--- START ---
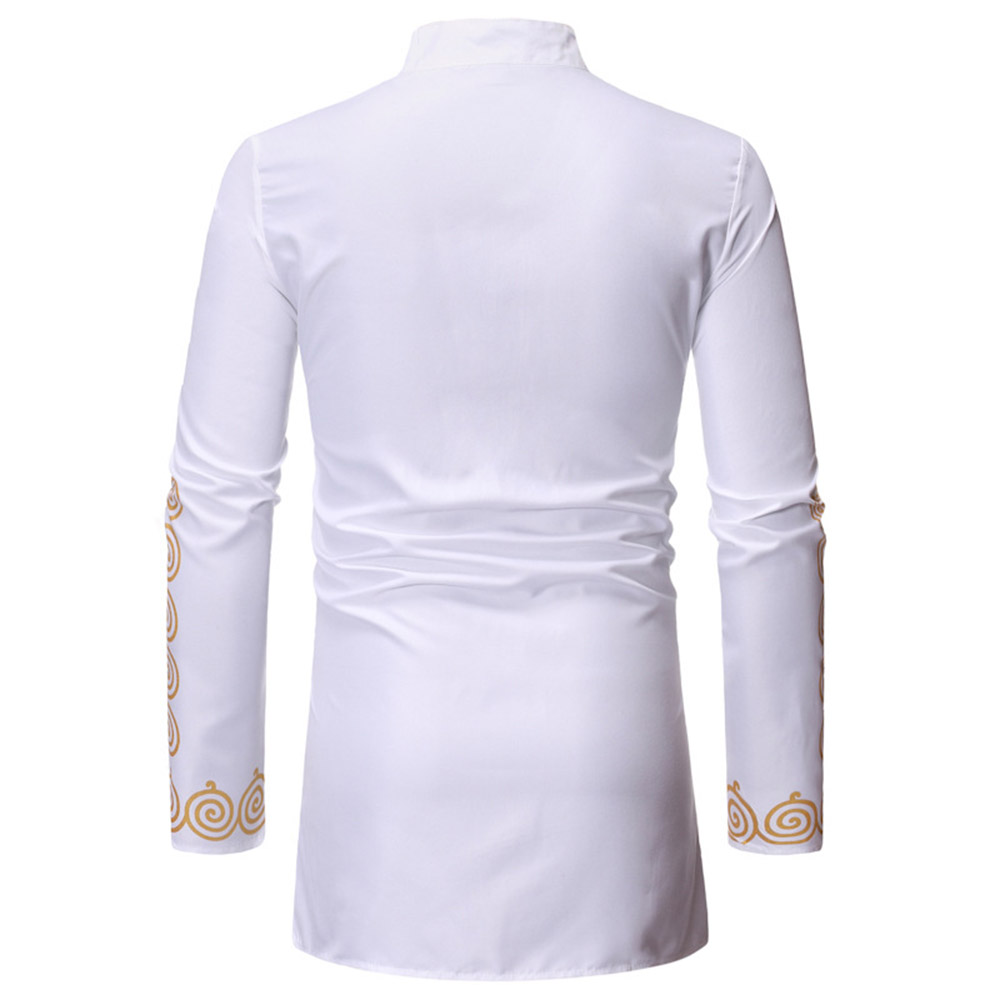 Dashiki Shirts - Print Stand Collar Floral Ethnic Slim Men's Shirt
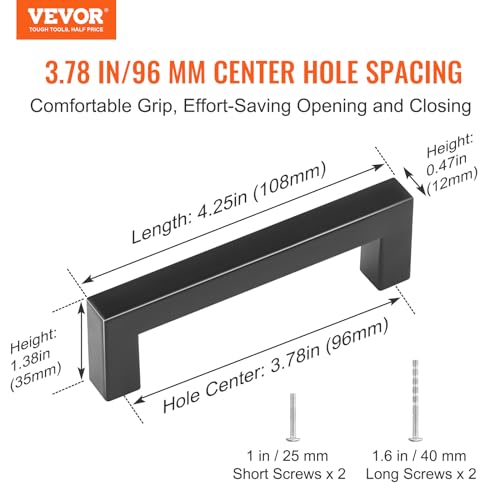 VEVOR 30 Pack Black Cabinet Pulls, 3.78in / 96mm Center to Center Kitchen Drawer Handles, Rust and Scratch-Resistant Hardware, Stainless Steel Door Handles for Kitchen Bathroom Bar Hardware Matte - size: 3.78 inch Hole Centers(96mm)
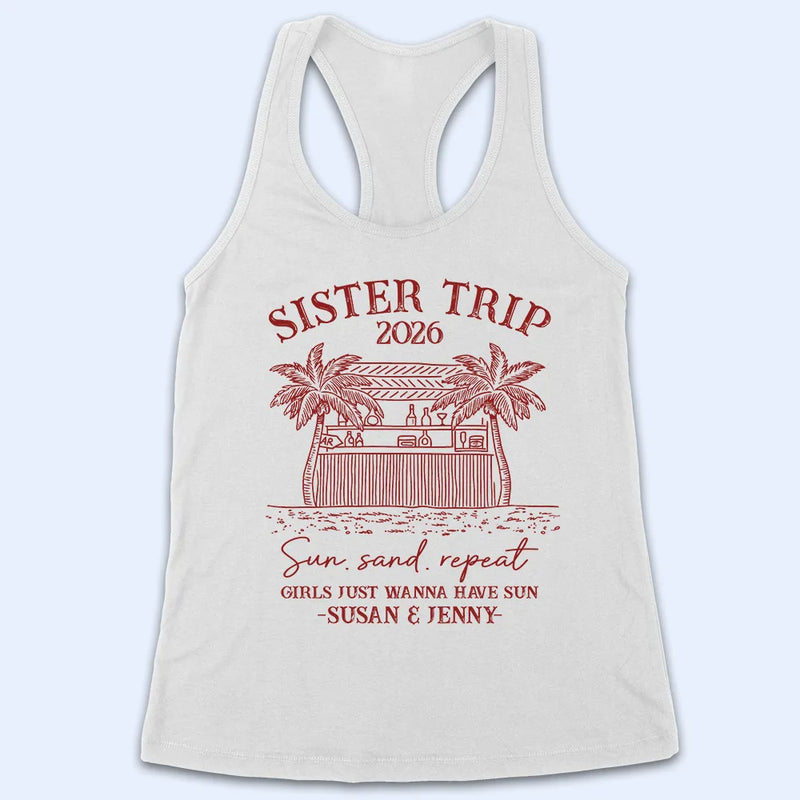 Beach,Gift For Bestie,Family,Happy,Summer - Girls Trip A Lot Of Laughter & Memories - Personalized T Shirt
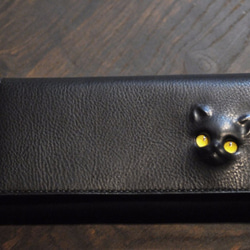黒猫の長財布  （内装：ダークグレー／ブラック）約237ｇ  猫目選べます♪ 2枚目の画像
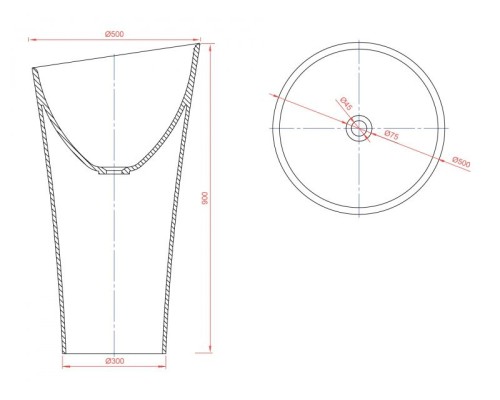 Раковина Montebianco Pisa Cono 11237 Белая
--- END ---
--- START ---
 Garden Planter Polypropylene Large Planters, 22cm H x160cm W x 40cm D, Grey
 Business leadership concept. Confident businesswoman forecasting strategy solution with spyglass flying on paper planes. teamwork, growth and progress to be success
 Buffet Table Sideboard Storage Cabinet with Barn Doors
--- END ---
* [Assignment] Lines to set down from above: the line with "Garden Planter Polypropylene", the line with "Business leadership concept.", and every line between, each exactly as written.

* [Result of the task]
 Garden Planter Polypropylene Large Planters, 22cm H x160cm W x 40cm D, Grey
 Business leadership concept. Confident businesswoman forecasting strategy solution with spyglass flying on paper planes. teamwork, growth and progress to be success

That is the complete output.